Sa flamme pour Atis (« Ah, Que j’aimerai mon vainqueur ») se décline dans la simplicité émouvante de notes tenues pianissimo auxquelles ne peut résister Mathias Vidal (Atis). Si le ténor se délecte de cet amour dans une extrême douceur, il aborde cependant son rôle avec une intensité fougueuse à chacune de ses interventions. Son énergie lui permet d’assumer la tessiture élevée du personnage, mais, dans un excès, elle s’accompagne de tension corporelle et d’appuis explosifs altérant l’homogénéité de sa voix et la fluidité du discours musical.
Anne-Catherine Gillet prête sa voix de soprano léger au personnage de Nérine. Son agilité et son aisance dans les aigus en font une joyeuse et pétillante conspiratrice. Cependant, l’énergie déployée pour la manigance s’accompagne d’une agitation permanente des bras et d’un vibrato rapide se confondant parfois avec l’ornementation du chant.
Philippe Estèphe s’amuse à incarner le pleutre Orcan et sa présence comique s’allie à son chant précis et percutant dans un équilibre constant. Amoureux, il émeut dans ses appels déchirants « Nérine !, Nérine ! », puis, passe aussi vite au registre bouffe, la peur des paladins le faisant bégayer (« Je meurs de peur quand j’y pense ») et sourire le public.
La basse Frédéric Caton, semble davantage à son affaire dans la douceur de la plainte d'Anselme (« Mon coeur, tu n'as que peu d'instants »), son phrasé délicat s’alliant à un timbre suave. Il peine à affirmer sa puissance, sa voix restant quelque peu confidentielle notamment dans le grave.
La voix projetée et agile de David Tricou conjuguée à une théâtralité comique rend toute la truculence du rôle travesti de la fée Manto (lunettes de soleil, gants et nœud papillon rose). Personnage baroque aux contours ambigus, il semble tout droit venu de la marche des fiertés ayant lieu à Paris au même moment. N’apparaissant qu’au troisième acte, il capte cependant l’attention et fait sourire l’auditoire lorsqu’il flirte ouvertement avec le vieil Anselme.
Le chœur apparaît dans une synchronisation parfaite et un son brillant, le pupitre des ténors, armés par Anselme, semblant prompt à l’attaque. Sortant du rang, le haute-contre (ténor aigu) Constantin Goubet interprète un paladin d’une voix assurée et résonante.
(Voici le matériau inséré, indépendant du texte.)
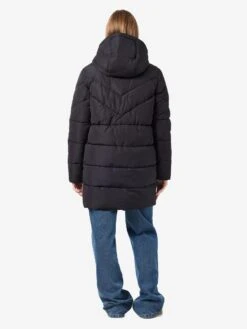 Noisy May LONG PUFFER JACKET -Noisy May Shop 27017057 Black 005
Le jeune chef d’orchestre Valentin Tournet (également gambiste, nommé parmi les révélations solistes instrumentales aux Victoires de la Musique Classique en 2022) poursuit sa route avec Les Paladins de Rameau après un enregistrement in situ en 2020 pour le label Château de Versailles Spectacles. L’orchestre fourni de La Chapelle Harmonique est enrichi d’instruments à vent (bassons, hautbois et traverso) auxquels s’ajoutent des piccolos, deux cors virtuoses (Simon Poirier et Alessandro Orlando) et une musette. Cette polychromie orchestrale est sertie de nombreuses petites percussions (grelots, castagnettes, chimes, tambour…) qui animent les pages dansantes, une machine à vent et une plaque-tonnerre venant ponctuer la féérie de l'œuvre.
Si la battue rigoureuse de Valentin Tournet s’accompagne parfois d’appuis qui amenuisent l’envol des gavottes et des contredanses, la musique est menée tambour battant dans des enchaînements resserrés tenant l’auditoire en haleine jusqu’à l’étourdissement et aux applaudissements.